A paradigm shift in the accessibility of Artificial Intelligence (AI) driven Computer Vision technologies means now is the time for business leaders to consider how these can deliver competitive advantage.
What used to be the domain of expensive dedicated products is fast becoming a standardised workflow, supported by huge bets from Cloud services providers. This, together with access to cheap, powerful hardware, is driving a reduction in costs and complexity of AI implementations, enabling organisations to efficiently deploy computer vision tools targeted at their unique challenges.
This article aims to help tech-oriented business leaders identify applications for AI-driven computer vision, in particular, those real-time applications that are enabled by the new generation of powerful, accelerated AI hardware. Techniques to deal with large data sets and the application of Predictive Analytics will be discussed in a later article.
Paradigm shift – ‘train your own’ AI
Instead of buying ‘off the shelf’ dedicated AI products for a specific problem (people counting, product sorting, etc.), organisations can now think more generally about a problem they’d like to solve and train their own model using ‘machine learning’ services.

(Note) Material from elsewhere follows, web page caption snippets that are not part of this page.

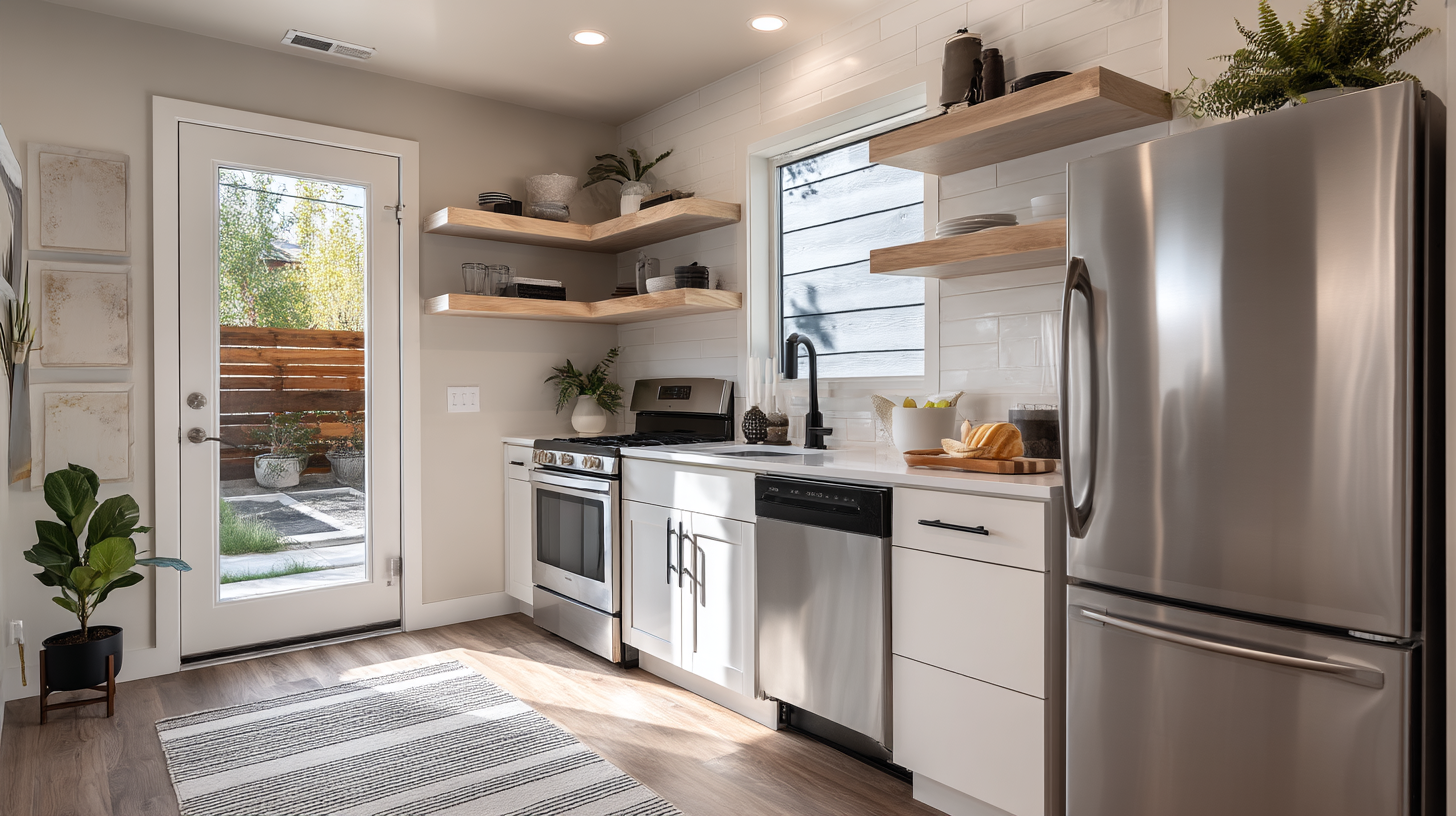 contentcreationteamkova small but luxurious ADU interior featur e92f4c6b 9c13 46d0 8d08 78e4155a9027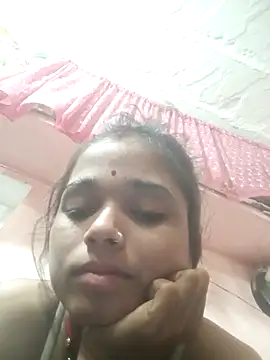 Snapshot of Deepjakolirr chatting on 04.10.26 Deepjakolirr online show from 04.10.26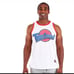 Space Jam Tune Squad Tank Top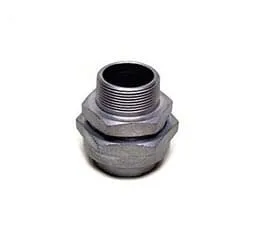 União Macho/Fêmea TUMFT 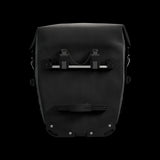 Brooks Scape Pannier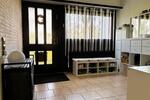 Reihenhaus Wetter (Ruhr) - 5.5 Zimmer, 148 m&sup2;, 325.000&euro; | Angebot:24780056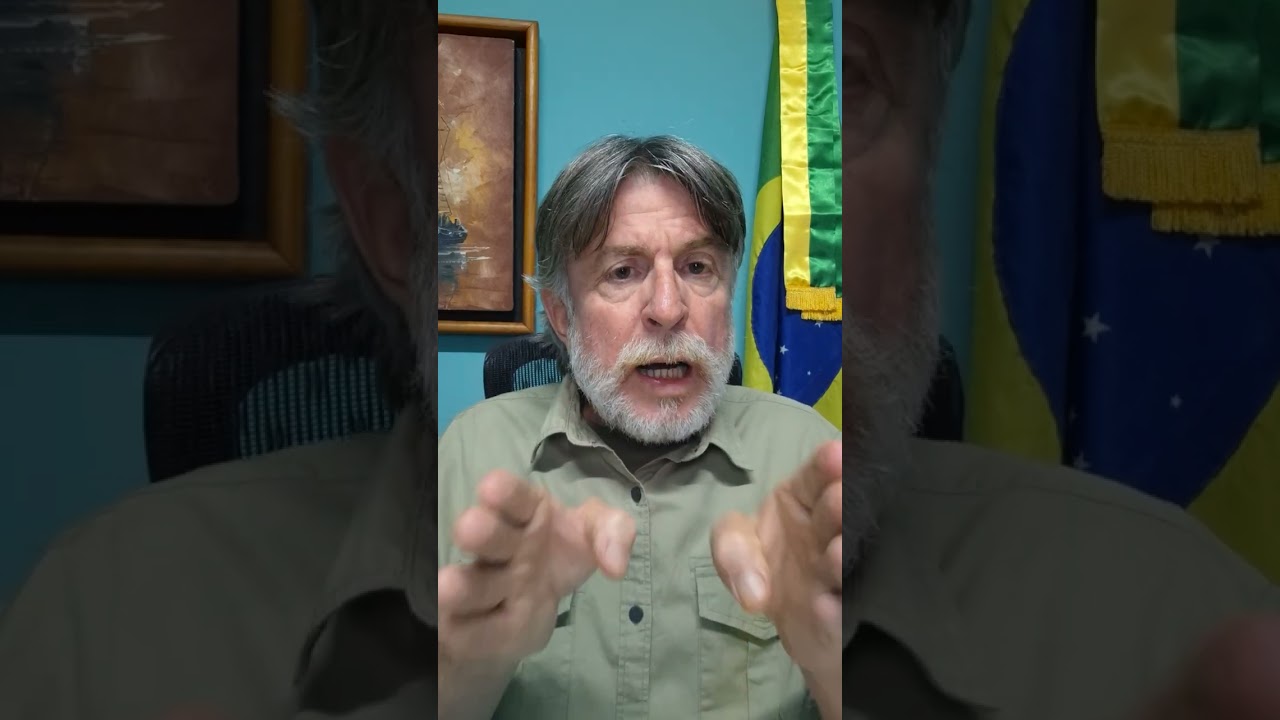 Vídeo 1: Apresentação e Tema 1: Modalidades de Verdade.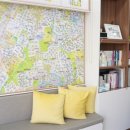 더 부동산 이미지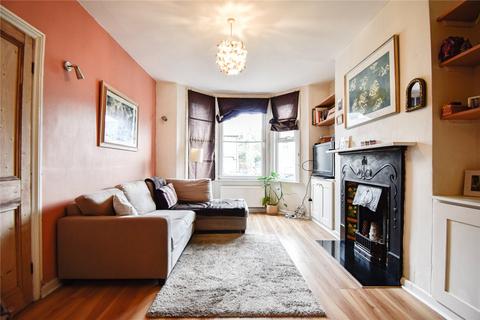 3 bedroom terraced house to rent, Vinery Road, Cambridge, CB1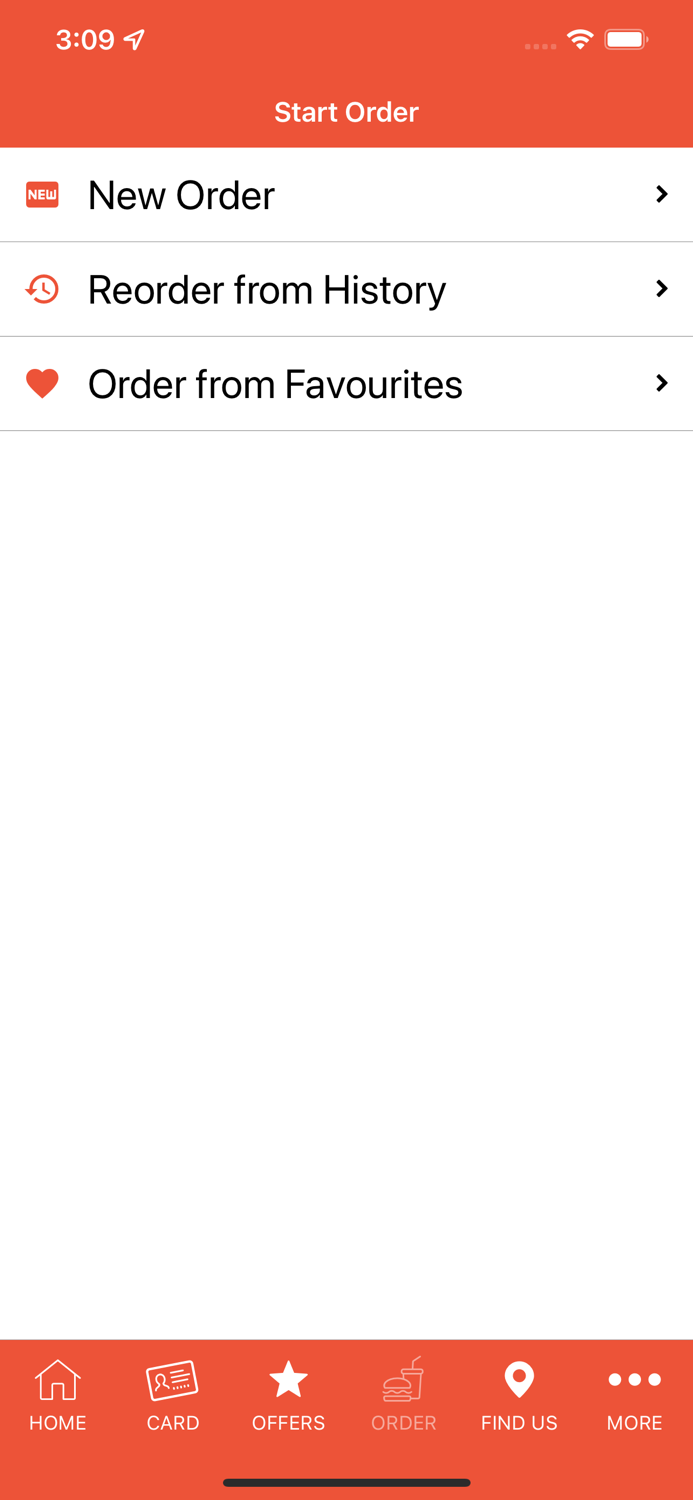 Slims Quality Burger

Where this used to involve specialised development, it can now leverage defined processes supported by all the major Cloud service providers. Amazon, Microsoft Azure, and Google have all be investing heavily in tooling to make the process of training and deploying AI models as easy to access as any other Cloud service. The goal is to provide flexible, adaptable solutions, targeted at your application, at significantly reduced costs.
The machine learning approach to Computer Vision solutions begins with the same set of general requirements. You’ll need some way of collecting raw data through:
- Video/image capture (fixed or mobile camera, or even a drone)
- Local or Cloud processing to support model training
- Tooling and hardware to deploy and run the AI model, and (probably)
- Some support from a provider experienced in integrating AI solutions
What $200 of hardware can do
We’ve been experimenting with Google’s beta Coral accelerator hardware in combination with a Raspberry Pi and camera module for a few months. With the Coral programme coming out of beta recently, it is now possible for anyone to run powerful, hardware-accelerated AI computer vision applications on hardware costing under $200. Smart (‘deep-learning’) camera systems are also available from Amazon (AWS DeepLens) and Microsoft (Vision AI Developer Kit).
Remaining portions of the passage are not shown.